** Task requirements **
Since only part of the material below is wanted, output exactly the lines from the one with "OR license plate 023UMQ" up to and including the one with "balon foliowy happy".

»»

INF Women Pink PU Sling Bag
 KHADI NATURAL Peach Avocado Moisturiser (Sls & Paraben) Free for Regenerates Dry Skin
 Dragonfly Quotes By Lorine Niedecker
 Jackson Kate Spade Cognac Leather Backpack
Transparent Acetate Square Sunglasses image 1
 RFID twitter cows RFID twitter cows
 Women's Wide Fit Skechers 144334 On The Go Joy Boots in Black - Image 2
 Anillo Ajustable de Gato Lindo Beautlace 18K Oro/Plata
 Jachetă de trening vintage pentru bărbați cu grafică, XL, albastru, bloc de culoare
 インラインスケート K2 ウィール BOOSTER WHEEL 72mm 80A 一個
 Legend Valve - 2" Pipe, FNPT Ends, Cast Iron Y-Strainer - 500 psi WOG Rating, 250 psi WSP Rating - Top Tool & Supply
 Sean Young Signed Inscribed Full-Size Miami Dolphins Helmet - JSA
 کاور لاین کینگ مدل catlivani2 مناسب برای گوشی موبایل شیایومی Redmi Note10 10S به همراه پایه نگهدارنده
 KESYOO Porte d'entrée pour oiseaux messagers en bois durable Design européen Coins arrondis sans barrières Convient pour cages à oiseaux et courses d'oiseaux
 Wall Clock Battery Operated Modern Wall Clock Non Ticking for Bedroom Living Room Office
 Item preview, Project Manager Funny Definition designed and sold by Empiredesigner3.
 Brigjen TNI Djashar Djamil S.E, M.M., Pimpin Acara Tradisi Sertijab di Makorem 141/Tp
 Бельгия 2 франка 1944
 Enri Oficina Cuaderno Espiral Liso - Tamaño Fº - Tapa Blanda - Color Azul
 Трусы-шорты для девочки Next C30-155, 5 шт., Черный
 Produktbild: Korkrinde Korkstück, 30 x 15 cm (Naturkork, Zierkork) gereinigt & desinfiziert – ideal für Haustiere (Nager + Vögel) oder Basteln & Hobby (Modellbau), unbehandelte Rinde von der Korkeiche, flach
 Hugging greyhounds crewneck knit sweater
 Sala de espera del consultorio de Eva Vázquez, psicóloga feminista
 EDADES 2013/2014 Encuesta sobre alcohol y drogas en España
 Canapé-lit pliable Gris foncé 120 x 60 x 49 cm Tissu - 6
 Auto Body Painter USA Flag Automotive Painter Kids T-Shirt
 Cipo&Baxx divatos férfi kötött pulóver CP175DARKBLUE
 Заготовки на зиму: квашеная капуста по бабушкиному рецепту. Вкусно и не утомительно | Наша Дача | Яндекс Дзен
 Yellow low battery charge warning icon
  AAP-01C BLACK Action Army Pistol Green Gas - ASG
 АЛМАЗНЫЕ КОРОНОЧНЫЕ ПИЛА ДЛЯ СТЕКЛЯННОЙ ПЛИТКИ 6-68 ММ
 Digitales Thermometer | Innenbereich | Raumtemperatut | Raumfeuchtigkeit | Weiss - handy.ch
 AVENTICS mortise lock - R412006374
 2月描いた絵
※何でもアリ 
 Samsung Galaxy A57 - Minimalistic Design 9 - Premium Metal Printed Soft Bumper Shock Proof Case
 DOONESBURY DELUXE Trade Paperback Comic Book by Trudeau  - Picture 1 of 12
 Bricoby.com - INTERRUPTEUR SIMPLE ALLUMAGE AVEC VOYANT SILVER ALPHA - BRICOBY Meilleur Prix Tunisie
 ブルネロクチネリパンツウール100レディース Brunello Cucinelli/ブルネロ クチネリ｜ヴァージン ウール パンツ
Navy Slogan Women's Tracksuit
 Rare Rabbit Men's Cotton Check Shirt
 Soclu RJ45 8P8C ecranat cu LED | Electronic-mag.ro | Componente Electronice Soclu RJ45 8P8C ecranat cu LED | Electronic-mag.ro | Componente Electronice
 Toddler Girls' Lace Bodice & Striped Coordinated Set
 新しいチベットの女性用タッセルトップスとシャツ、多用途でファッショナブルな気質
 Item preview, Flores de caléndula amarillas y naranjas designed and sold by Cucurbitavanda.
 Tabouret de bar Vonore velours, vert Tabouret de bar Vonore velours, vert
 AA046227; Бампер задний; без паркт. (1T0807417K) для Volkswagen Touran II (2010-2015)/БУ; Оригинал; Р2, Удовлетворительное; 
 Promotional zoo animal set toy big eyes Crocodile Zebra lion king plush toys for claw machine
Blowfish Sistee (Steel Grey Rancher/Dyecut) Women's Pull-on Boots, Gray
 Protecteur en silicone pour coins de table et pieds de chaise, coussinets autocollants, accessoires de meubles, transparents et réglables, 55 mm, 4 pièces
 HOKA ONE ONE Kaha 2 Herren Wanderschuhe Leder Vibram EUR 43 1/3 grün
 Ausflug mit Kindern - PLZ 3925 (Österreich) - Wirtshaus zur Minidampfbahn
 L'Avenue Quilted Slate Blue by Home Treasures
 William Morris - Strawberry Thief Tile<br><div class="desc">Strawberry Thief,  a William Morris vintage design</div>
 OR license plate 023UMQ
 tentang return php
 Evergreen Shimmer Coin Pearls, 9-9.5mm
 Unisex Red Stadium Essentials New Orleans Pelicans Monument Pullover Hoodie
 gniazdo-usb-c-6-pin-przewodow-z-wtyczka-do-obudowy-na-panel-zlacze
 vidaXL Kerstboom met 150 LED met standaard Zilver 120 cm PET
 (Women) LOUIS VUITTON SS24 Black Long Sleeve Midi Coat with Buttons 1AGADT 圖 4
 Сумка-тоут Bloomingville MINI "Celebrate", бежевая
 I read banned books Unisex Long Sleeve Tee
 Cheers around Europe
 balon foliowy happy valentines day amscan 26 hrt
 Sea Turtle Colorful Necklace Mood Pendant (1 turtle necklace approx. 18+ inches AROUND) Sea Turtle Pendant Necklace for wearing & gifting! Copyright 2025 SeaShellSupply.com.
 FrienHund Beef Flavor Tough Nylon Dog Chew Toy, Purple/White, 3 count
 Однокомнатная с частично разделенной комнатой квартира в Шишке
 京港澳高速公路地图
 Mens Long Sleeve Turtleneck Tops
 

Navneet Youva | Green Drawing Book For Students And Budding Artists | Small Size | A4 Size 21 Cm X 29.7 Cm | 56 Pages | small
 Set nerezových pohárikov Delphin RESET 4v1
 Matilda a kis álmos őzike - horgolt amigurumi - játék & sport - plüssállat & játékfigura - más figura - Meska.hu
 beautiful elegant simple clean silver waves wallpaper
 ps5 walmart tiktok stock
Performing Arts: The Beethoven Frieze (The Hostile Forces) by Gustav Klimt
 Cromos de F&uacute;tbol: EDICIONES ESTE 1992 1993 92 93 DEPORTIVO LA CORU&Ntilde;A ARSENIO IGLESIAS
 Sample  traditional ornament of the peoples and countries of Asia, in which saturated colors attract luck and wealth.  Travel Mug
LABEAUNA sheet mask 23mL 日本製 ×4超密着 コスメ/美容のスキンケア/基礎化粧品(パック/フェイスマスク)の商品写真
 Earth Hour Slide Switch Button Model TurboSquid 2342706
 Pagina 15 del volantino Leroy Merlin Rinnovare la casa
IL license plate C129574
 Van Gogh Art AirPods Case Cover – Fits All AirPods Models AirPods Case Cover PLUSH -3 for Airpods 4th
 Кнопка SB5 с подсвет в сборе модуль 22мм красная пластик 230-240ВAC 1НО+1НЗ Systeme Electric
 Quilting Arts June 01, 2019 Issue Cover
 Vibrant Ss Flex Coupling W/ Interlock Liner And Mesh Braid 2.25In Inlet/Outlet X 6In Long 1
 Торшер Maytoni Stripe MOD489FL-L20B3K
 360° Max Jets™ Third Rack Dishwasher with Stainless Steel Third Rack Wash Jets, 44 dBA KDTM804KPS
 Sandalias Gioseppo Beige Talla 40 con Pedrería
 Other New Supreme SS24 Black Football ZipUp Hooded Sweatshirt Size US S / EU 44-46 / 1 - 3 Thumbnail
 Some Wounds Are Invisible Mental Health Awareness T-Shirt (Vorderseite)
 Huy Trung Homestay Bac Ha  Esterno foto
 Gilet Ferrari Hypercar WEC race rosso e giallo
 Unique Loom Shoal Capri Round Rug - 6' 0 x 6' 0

««

** Problem solution **
 OR license plate 023UMQ
 tentang return php
 Evergreen Shimmer Coin Pearls, 9-9.5mm
 Unisex Red Stadium Essentials New Orleans Pelicans Monument Pullover Hoodie
 gniazdo-usb-c-6-pin-przewodow-z-wtyczka-do-obudowy-na-panel-zlacze
 vidaXL Kerstboom met 150 LED met standaard Zilver 120 cm PET
 (Women) LOUIS VUITTON SS24 Black Long Sleeve Midi Coat with Buttons 1AGADT 圖 4
 Сумка-тоут Bloomingville MINI "Celebrate", бежевая
 I read banned books Unisex Long Sleeve Tee
 Cheers around Europe
 balon foliowy happy valentines day amscan 26 hrt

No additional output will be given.